Yesterday I bought a fake of Leonardo's Vitruvian Man. The original is so delicate it has to be stored out of sight, and those who are able to actually get close to it often marvel at the fact that you can still see the puncture mark Leonardo made with his compasses when he drew the circle. Mine has a coffee stain on it - maybe a reference to the way forgers stain new paper to look like old paper - and I'm pretty sure Blathers is going to have bad news for me about it.

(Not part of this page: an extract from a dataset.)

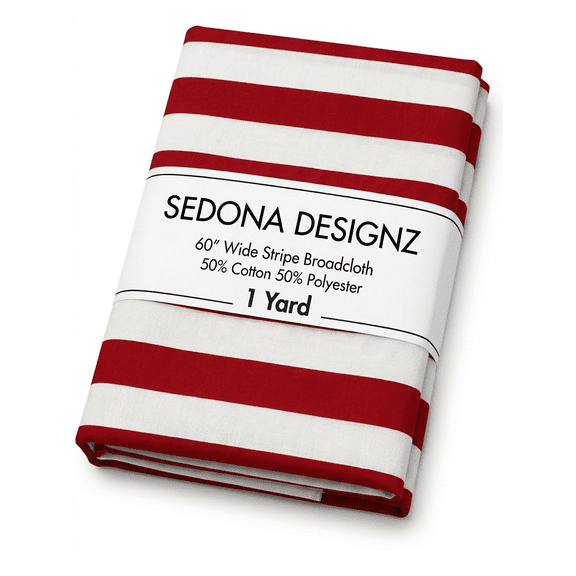 Sedona Designz 60" Wide Red/White 1" Stripe Poly-Cotton Broadcloth Fabric 1 Yard – Lightweight Woven Fabric for Apparel, Crafts, Décor, Table Covers & Sewing Projects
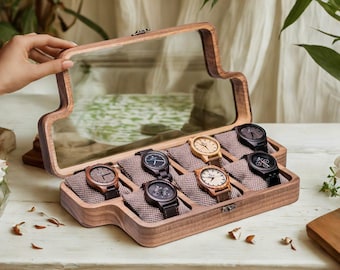 Premium Solid Walnut Watch Box With Glass or Wood Lid,Handcrafted Walnut Watch Box for 1-12 Watches, Personalized Watch Storage,Gift for Him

While this is a nice caricature of the seedier aspects of the art market, I think there's something more at work. Animal Crossing is so wide-ranging, so filled with people playing in different ways, that it can be hard to make sense of what the game is actually about. But look at the art. Maybe it's real. Maybe it's fake. Some of the fakes - all of the fakes? - are haunted, so maybe a haunted work is actually worth more to you than the real thing? Maybe Redd, who turns up once a week and only allows you to buy one artwork each time, just doesn't strike you as being worth the hassle. Maybe he's so much worth the hassle that you time-travel and risk breaking the game's spider webbing in order to stock up on his purchases.
This kind of thinking is everywhere in Animal Crossing. And it's made me realise that maybe Animal Crossing is ultimately about this one thing: how much is something worth to you? Or rather, what do you value? Do you want to min-max your village and spend hours each day harvesting fruit and monitoring turnip prices to pay off your mortgage in record time? Or do you value taking things slowly, watching the seasons change as you steadily inch from one size of home to the next? Do you want to dig up fossils every morning or would you rather chat to villagers? Do you want your daily twenty minutes with the game to be busy with progress or do you want to saunter? Do you want to weed, or can you live with the wilderness? Do you want to do all of it at once, as much as possible?
Art is such a good way of exploring this because it's hard to adequately clarify what art actually does. The microwave Redd was trying to sell me - I know what that does. But I don't know what Botticelli's Venus does, and even if I did, maybe it does it for me but not for you. Art is priceless and worthless depending on your own perspective. So listen, as Redd might say: what's it worth to you?